Changes in the spin label proximity during gating. A, profile of changes in the amplitude of the EPR signal reflecting differences in the spin-spin dipolar coupling in the closed and desensitized conformation. For positions with log Ω < 0, the proximity between individual spin labels increases as the side chains get closer toward the pore axis and for log Ω > 0, the spin labels move away from the pore axis and further apart from each other. In each case, the same sample is used for both closed and desensitized state measurements. B, the log Ω parameter mapped on to the GLIC crystal structure. Residues displayed in red and blue show positive and negative log Ω values, respectively.
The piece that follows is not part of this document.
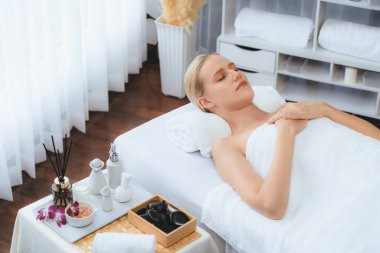 Kafkasyalı kadın müşteri stres önleyici spa masajının keyfini çıkarıyor ve lüks otel ya da oteldeki gündüz açık ortam güzellik salonunda güzellik teniyle eğleniyor. Sessiz.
Residues colored in white show values closer to 0. The boxed areas highlight regions moving away, getting closer and regions of no significant movement.

FIGURE 3.

pH-dependent conformational changes at the activation gate monitored by position 240 movements. A, EPR line shapes obtained after sequentially equilibrating the sample with the indicated pH starting with pH 8.0. In each case, the spectra are normalized to the number of spin. B, pH dependence of EPR signal amplitude (red) overlaid with the pH dependence of the maximal peak response from macroscopic current measurements (black). The pK_a of maximal response are 3.9 + 0.2 and 2.9 + 0.1 for the EPR and current measurements, respectively. C, samples were returned to pH 8.0 at the end of sequential pH change. Overlapping spectra shows reversibility of the spectral line shapes.

FIGURE 4.

Changes in the residue enviromental parameters. A, mobility ΔH_o⁻¹. B, O₂ accessibility ΠO₂ for the closed (black) and desensitized (red) states. Shown is the profile of changes in the enviromental parameters for the M2 residues (left). Shown is a helical wheel representation of the mobility and accessibility superimposed in a polar coordinate (middle). The resultant vector of the individual ΔH_o⁻¹ or ΠO₂ values points toward the more mobile or solvent accessible face of the helix. The shaded area within the dashed lines highlights the projection for complete set of accessibility data relative to the maximal accessibility vector. Fractional differences (normalized to the maximum value measured within each data set) in the ΔH_o⁻¹ and ΠO₂ values for the closed and desensitized states mapped on the GLIC structure and color coded, with red denoting an increase and blue representing a decrease in the environmental parameter (right).

FIGURE 5.

Aqueous vestibules in the closed and in the desensitized states. A, ΠNiEDDA values for the M2 residues in the closed (top) and desensitized states (bottom). The gray boxed area highlights regions of maximal change between the two states. B, ΠNiEDDA values mapped on the GLIC structure reveals differences in the solvent accessible vestibules in the two conformations. C, changes in the ΠNiEDDA moment during gating conformational change.

FIGURE 6.

Schematic representation of speculative gating motions in M2 during transitions between closed, open, and desensitized conformations. The blocks represent the hydrophobic (red), the polar (blue), and the charged selectivity filter region (gray).